Jay Brown, a well-known FE enthusiast and racer, has done exhaustive dyno testing on literally dozens of FE intake manifolds. His efforts have brought some unexpected “winners” to light, and quashed a few urban legends as well. The dyno testing does a great job of delivering comparative wideopen- throttle (WOT) performance but does not quantify part-throttle behavior. Some of the commentary found in this chapter is based at least in part on Jay’s efforts.
As a lead in to the manifold discussion, it is important to note that every intake does not physically fit onto every FE engine. But the vast majority of them do. The exceptions are the same ones noted in Chapter 6.
The 427 SOHC obviously uses a unique intake that does not at all resemble any other FE part. Closer to a 429/460 intake from an external appearance, the SOHC intake does not have the characteristic FE valve cover rail. Relatively few variations of intakes are or have been available for Cammers, such as single and dual 4-barrel units, either reproductions or originals from the factory, and a few single-plane iterations from small specialty suppliers such as Dove. You won’t find one in the local swap meet or yard sale.
The 427 tunnel-port intakes use a unique bolt pattern and port layout; they do not mount to any of the more common FE wedge heads. At a glance, these look like normal FE parts, until you see the huge round ports. As a rare and valuable specialty item, a tunnel-port intake is not likely to be in the hands of an unknowing seller. Dual-plane and single-plane variations were produced, but always in very limited numbers and never in a production vehicle.
The 427 high-riser intakes are the “tricky” ones. They are somewhat more common than the tunnel port, and aftermarket ones are comparatively regular finds in Ford swap meets. They look like they fit on your normal 390 or 428 with a little work, but they don’t. The valve covers, and hence the gasket surface, are in an altered position and on a different angle than so-called “normal” FE engines. The port flange is considerably taller. So if you find a highriser intake—even a really cool looking dual quad or injector one— you’re best off letting it go unless you have or are willing to acquire the matching set of heads.
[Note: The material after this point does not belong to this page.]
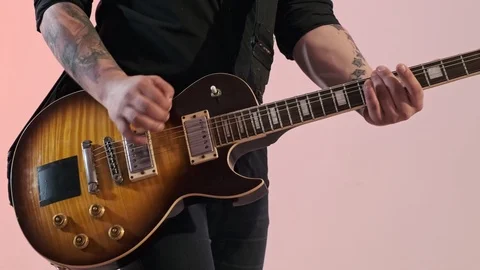 Close-up view of hands and strings of electric musical instruments indoors. Stock Footage 115070929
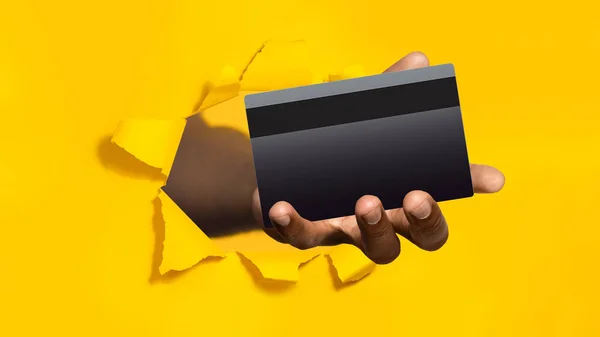 Чорна Чоловіча Рука Тримає Банківську Кредитну Картку Рваному Отворі Жовтого — стокове фото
Every other stock FE intake manifold physically fits on every other FE engine that was not mentioned above, although some combinations may require some machining and other work. As noted in Chapter 6, medium-riser and low-riser heads are best defined by their comparative port floor position. The same is true of intakes. The port roof and sides are reasonably close to each other in dimension and well within normal port matching range. Although mismatched floors on port openings are not commonly considered desirable, such packages do certainly run. And sometimes, they run surprisingly well. The mounting bolt patterns are all the same, as are distributor openings and coolant passages.
Recommendations First— Then the Details
There is no single “right” answer when choosing an intake manifold for your FE project. You need to select an intake manifold based on a number of factors such as cosmetics, operating RPM, vehicle weight, transmission type, and engine size. Your selection will reflect a combination of vehicle components and your performance goals. Here are a few quick recommendations on those parts that are still available new.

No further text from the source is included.